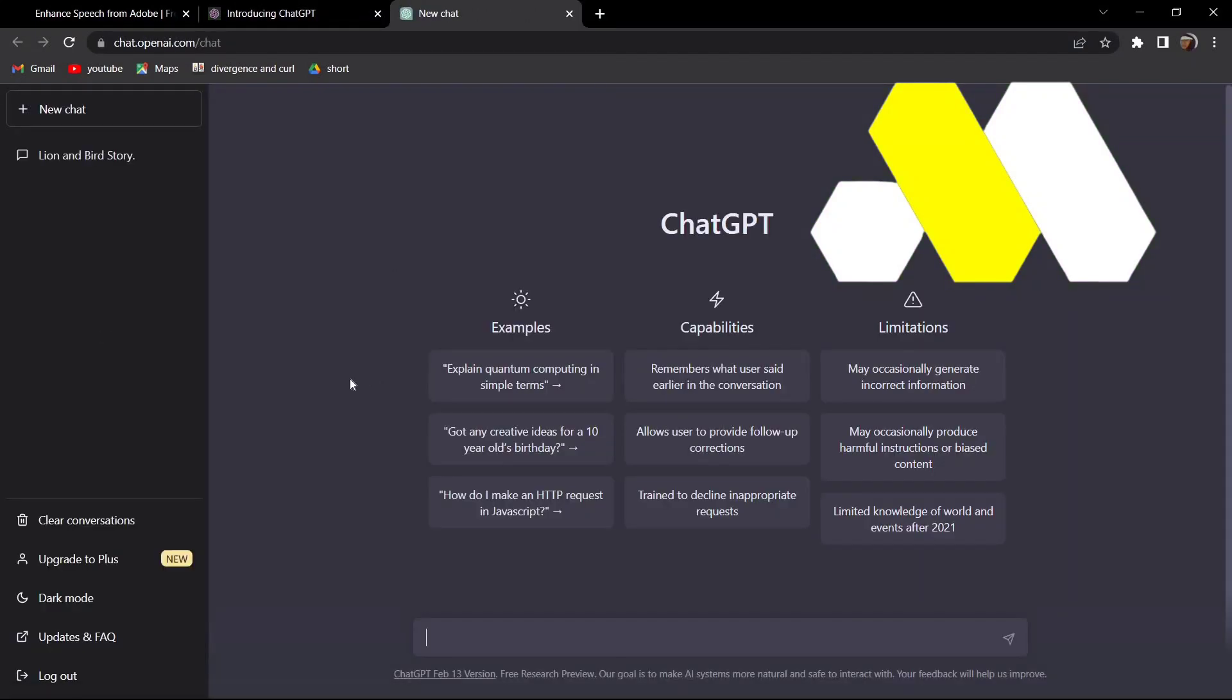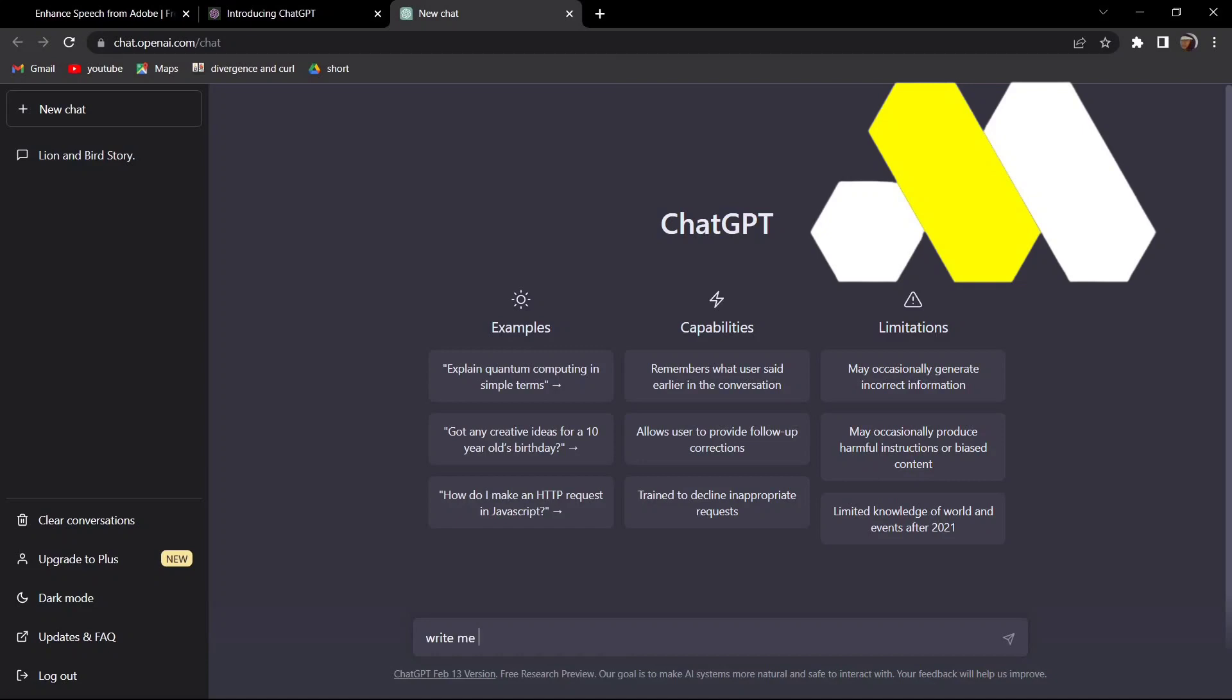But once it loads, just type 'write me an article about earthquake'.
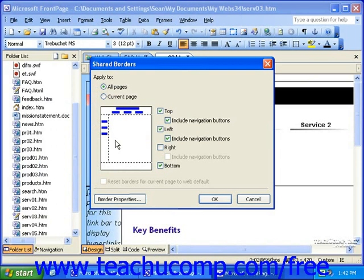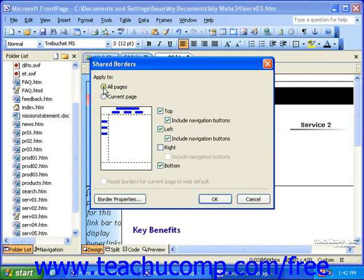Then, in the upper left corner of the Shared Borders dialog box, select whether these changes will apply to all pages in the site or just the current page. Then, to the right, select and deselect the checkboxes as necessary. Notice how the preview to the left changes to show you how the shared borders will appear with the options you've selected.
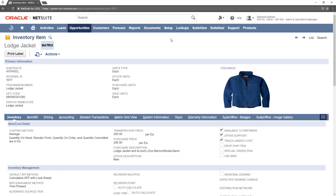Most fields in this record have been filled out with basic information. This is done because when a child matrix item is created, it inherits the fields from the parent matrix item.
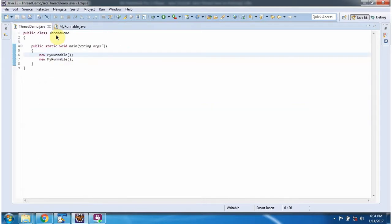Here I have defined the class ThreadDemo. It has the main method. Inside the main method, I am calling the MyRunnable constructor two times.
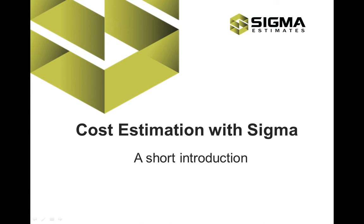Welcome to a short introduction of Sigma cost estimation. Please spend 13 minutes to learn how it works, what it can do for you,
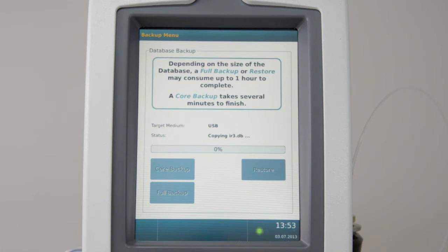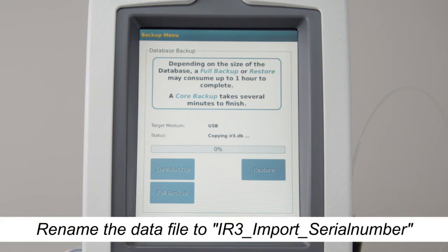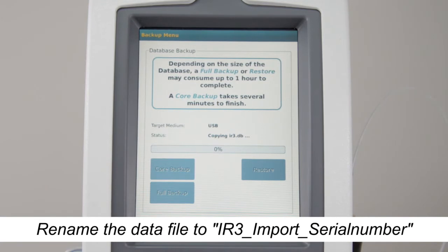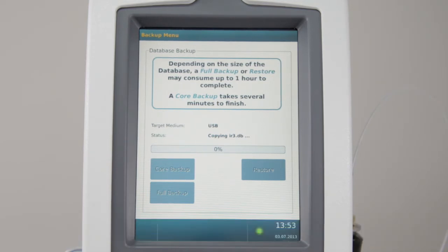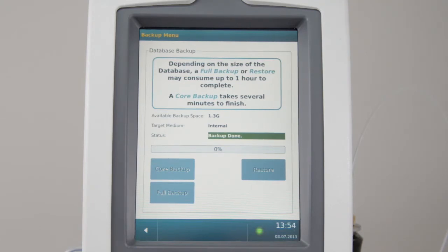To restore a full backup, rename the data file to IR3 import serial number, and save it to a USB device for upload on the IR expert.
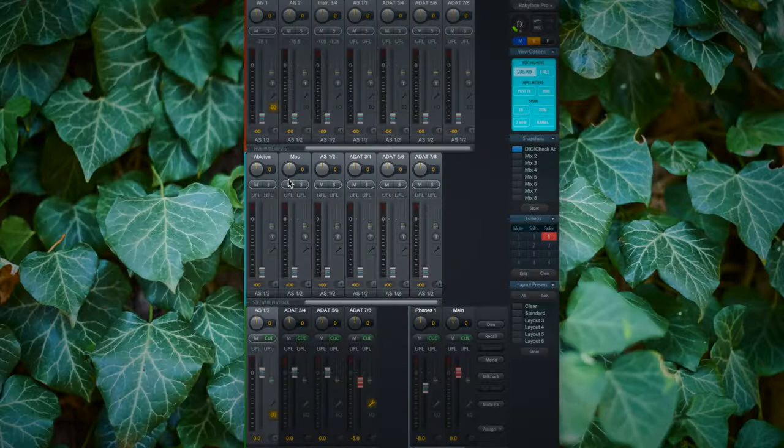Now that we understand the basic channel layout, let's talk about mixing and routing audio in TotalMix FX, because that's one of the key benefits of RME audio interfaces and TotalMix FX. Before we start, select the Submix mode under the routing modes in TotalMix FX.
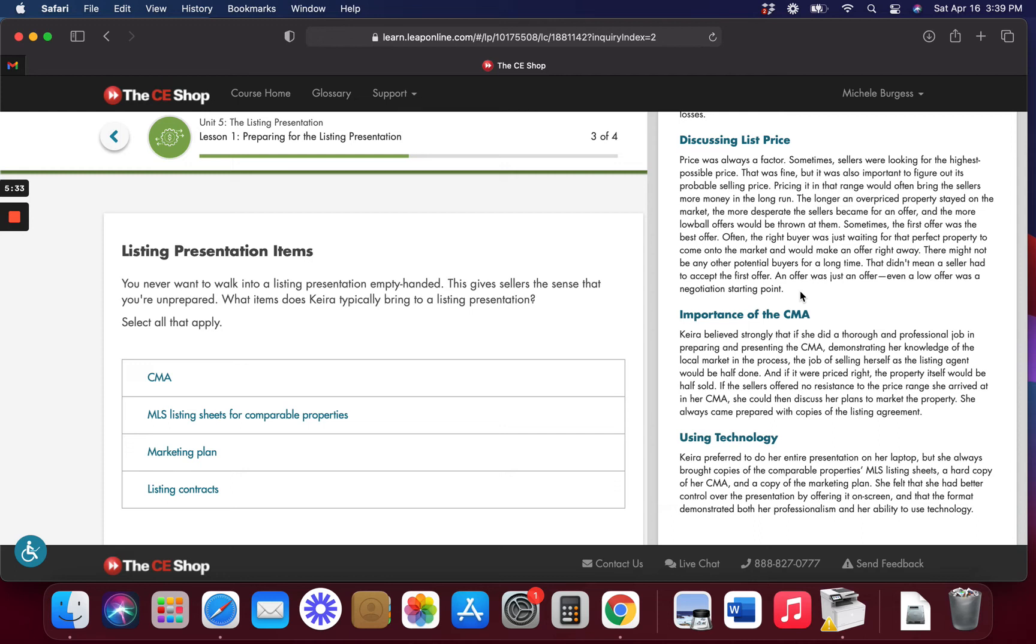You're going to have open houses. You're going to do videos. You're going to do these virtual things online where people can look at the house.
* * *
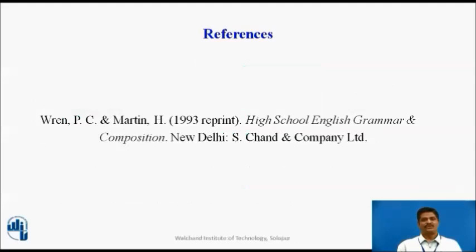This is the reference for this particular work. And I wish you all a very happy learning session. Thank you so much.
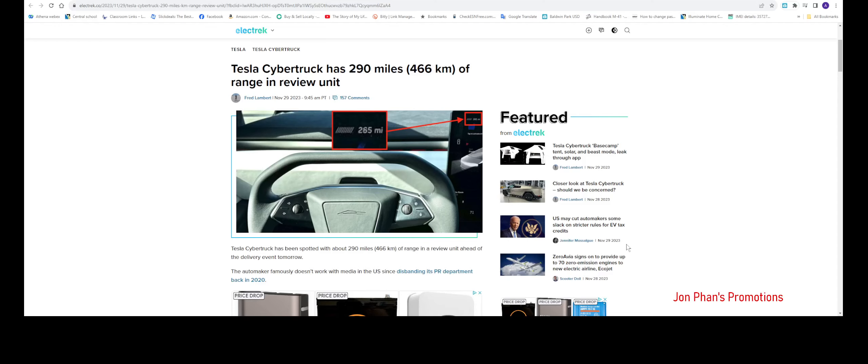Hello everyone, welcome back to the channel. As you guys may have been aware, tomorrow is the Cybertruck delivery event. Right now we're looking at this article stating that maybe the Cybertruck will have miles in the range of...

*Work required*.
Nothing outside the stretch above, from the line with "But once it" through the line with "Then, in the", is set down. Transcribe that stretch exactly, ends included, but not its pictures.

*Result*.
But once it loads, just type 'write me an article about earthquake'.
Then, in the upper left corner of the Shared Borders dialog box, select whether these changes will apply to all pages in the site or just the current page. Then, to the right, select and deselect the checkboxes as necessary. Notice how the preview to the left changes to show you how the shared borders will appear with the options you've selected.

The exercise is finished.